Well yes, as is slowly becoming obvious. Deltoid reports USA today (or you can also look at the full Mashey). In the curious world of academe (which I presume Wegman aspires to) plagiarism is a no-no far more serious that just getting the wrong answer; and has the virtue of being fairly easy to spot.
But whilst plagiarism is bad (possibly even fatal) for your academic reputation, it doesn’t directly say anything about science, or the validity of conclusions. It is evidence that the author has been sloppy and – in this case – bolsters the argument that the author didn’t really understand what he was doing, or was deliberately misleading.
And that is the important bit: that the Wegman report’s slavish copying of M&M lead them to incorrectly evaluate MBH. For that you need to plough through the detail at Deep Climate (as briefly ref’d by me).
To quote DC directly:
Wegman et al took the M&M critique of MBH at face value, and deliberately excluded all substantive discussion of scientific literature answering M&M (especially Wahl and Ammann).
Wegman et al completely misunderstood the M&M simulation methodology, and claimed that M&M had demonstrated that the MBH short-centered PCA would mine for “hockey sticks”, even from low-order, low-correlation AR1(.2) red noise. But in fact the displayed figure (4.4) was taken from the top 1% of simulated PC1s generated from high-correlation, high-persistence ARFIMA-based noise, as archived by M&M. (And I also show that simulations based on AR1(.2) noise would have shown much less evidence of bias from “short-centered” PCA, even if one focuses only on PC1).
The point about what you can get done for is interesting, though, and worth a little musing.

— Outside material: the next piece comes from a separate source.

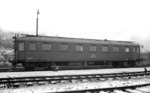 Brückenprüfwagen "Münster 6300" der BD Münster. Die angebrachte Flagge weist darauf hin, dass der Wagen mit Personen besetzt ist. Bei dem Wagen handelt es sich vormals um einen AB4ü-Sa16, einen 1916 in Sachsen gebauten 1./2. Klasse-Reisezugwagen. (01.1958) <i>Foto: Quebe</i>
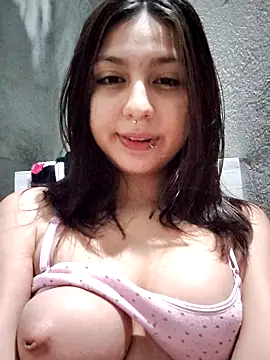 Maiden-Hot online show from June 14, 2026, 6:25 am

It is (obviously) unacceptable to zap researchers for just getting the wrong answer; that would be too big a constraint on academic freedom (sliding gracefully over the question of whether that applies to reports to Congress). But in the normal course of things, Wegman’s report would be a paper, and it would have been subject to peer review. And quite likely it would have failed, for the plagiarism. It might well have failed for the science, too, for the problems that DC found. But if had it passed, it would then have been open to a reply in the literature, which it isn’t really now. Having decided that you can’t zap them for the wrong answer, you’re then left not being able to zap them for deliberately getting the wrong answer, and tenaciously clinging to the wrong answer despite the evidence; this seems regrettable.